A Accor também rebateu as críticas, afirmando que os hotéis são integrados às comunidades locais e relevantes para economia da região. “O sucesso dos hotéis lifestyle mostra como nossos empreendimentos atraem tanto visitantes quanto moradores, promovendo um ciclo virtuoso de desenvolvimento urbano e social”, comenta a rede francesa.
Contexto regulatório e desafios
A ofensiva regulatória contra os STRs tem se intensificado, já que destinos como Barcelona planejam proibir os aluguéis turísticos até 2028 e o governo espanhol discute a aplicação de IVA (imposto sobre valor agregado) de 21% ao setor. Em maio, o Airbnb foi obrigado a retirar 65 mil anúncios na Espanha considerados ilegais. A decisão gerou queda de aproximadamente 3% no valor das ações da companhia.
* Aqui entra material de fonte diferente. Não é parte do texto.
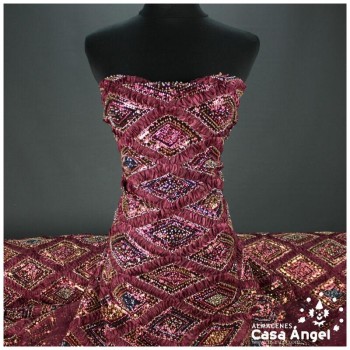 TUL ROJO GRANA BORDADO DE ORGANZA Y ROCALLA SERIE ASTRA 135cm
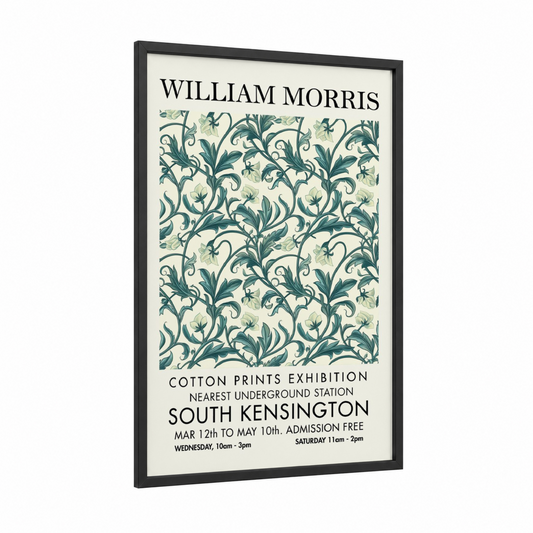 Teal Flourish Pattern framed abstract flower print — black wood frame — teal and cream palette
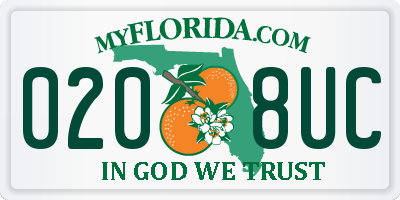 FL license plate 0208UC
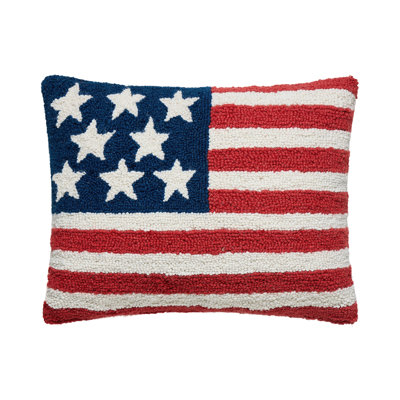 The Pillow Shoppe Usa Flag Patriotic Wool Hook Pillow - 14X18" Oblong
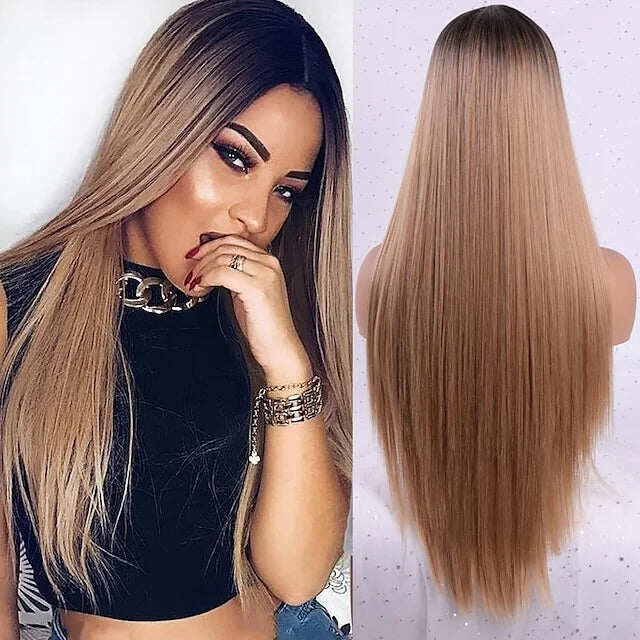 Perucas naturais longas e retas, detalhes da moda do dia a dia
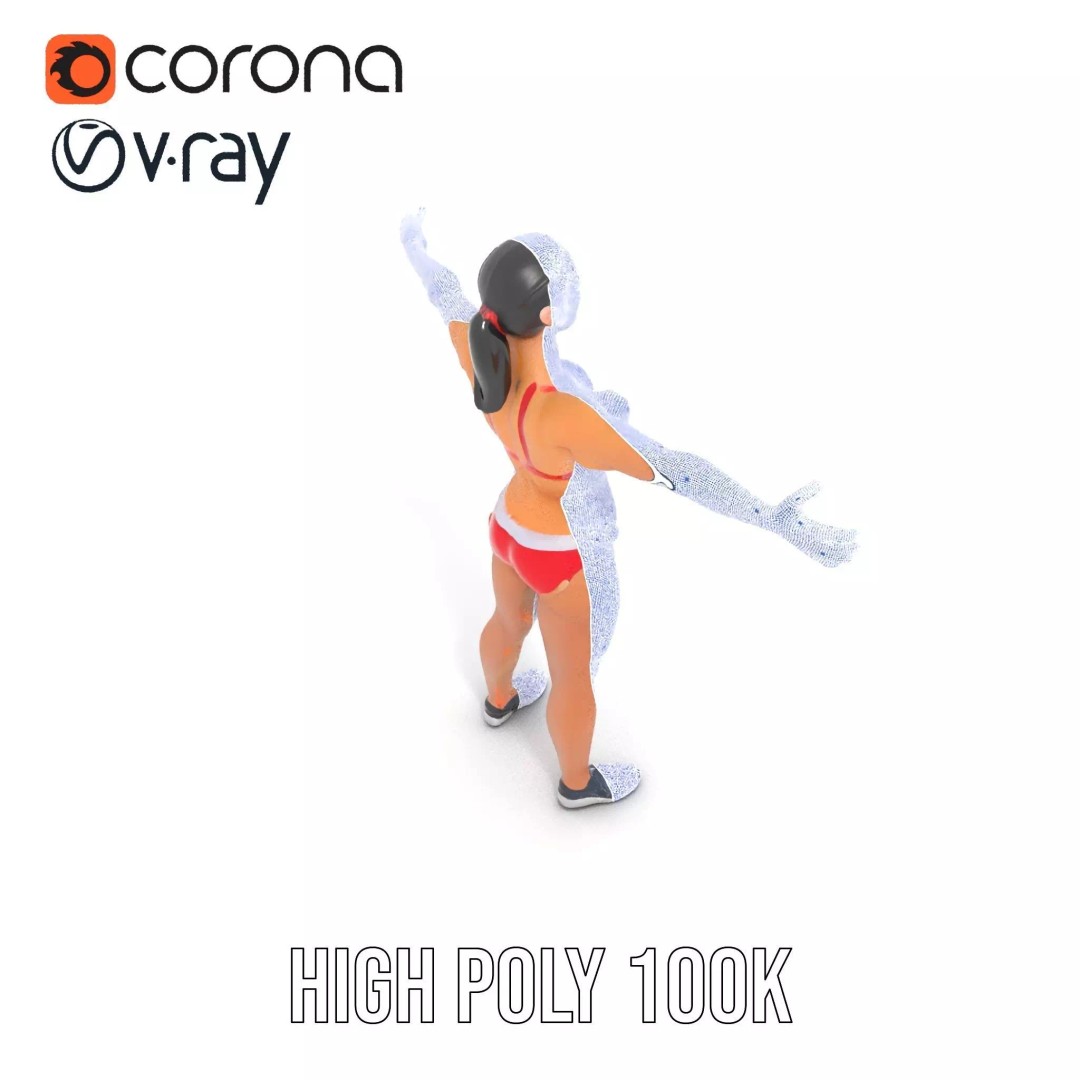 Dynamic Fitness Figure 3D Model – Low Poly Rigged Character Asset, FBX - View 23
Para Debbie Hindle, presidente global do ICRT (International Centre for Responsible Tourism), o relatório do Airbnb foi motivado pelos riscos legais que ameaçam seu modelo de negócio. “As disputas jurídicas e novas leis estão pressionando a empresa, que agora tenta transferir a responsabilidade para os hotéis”, aponta.
Além da Espanha, a plataforma enfrenta restrições em cidades como Nova York e Nova Orleans. Para Harold Goodwin, fundador do ICRT, o turismo excessivo em Barcelona é discutido desde 2004 e a cidade não controla diretamente a chegada de turistas por vias aérea ou marítima.
Propostas
Escarrer também preside o Think Tank Exceltur, que é responsável por alertar para os efeitos da superlotação. Segundo o executivo, imóveis ilegais para aluguel de temporada já representam metade das casas disponíveis em destinos como as Ilhas Baleares e Canárias. “É preciso ir além de medidas simbólicas e entender a fundo a complexidade do problema”, destaca.
A Exceltur lidera a iniciativa Turismo Que Suma, uma PPP (parceria público privada) que busca mitigar os impactos do turismo excessivo com foco em governança, empatia e respeito às comunidades locais.
Fabián González, analista do Phocuswright, defende uma abordagem mais equilibrada. “A raiz do problema está nos anúncios ilegais, não no Airbnb como conceito. Todos os formatos de hospedagem precisam estar sujeitos à regulação local, ou não haverá condições justas de concorrência”, conclui.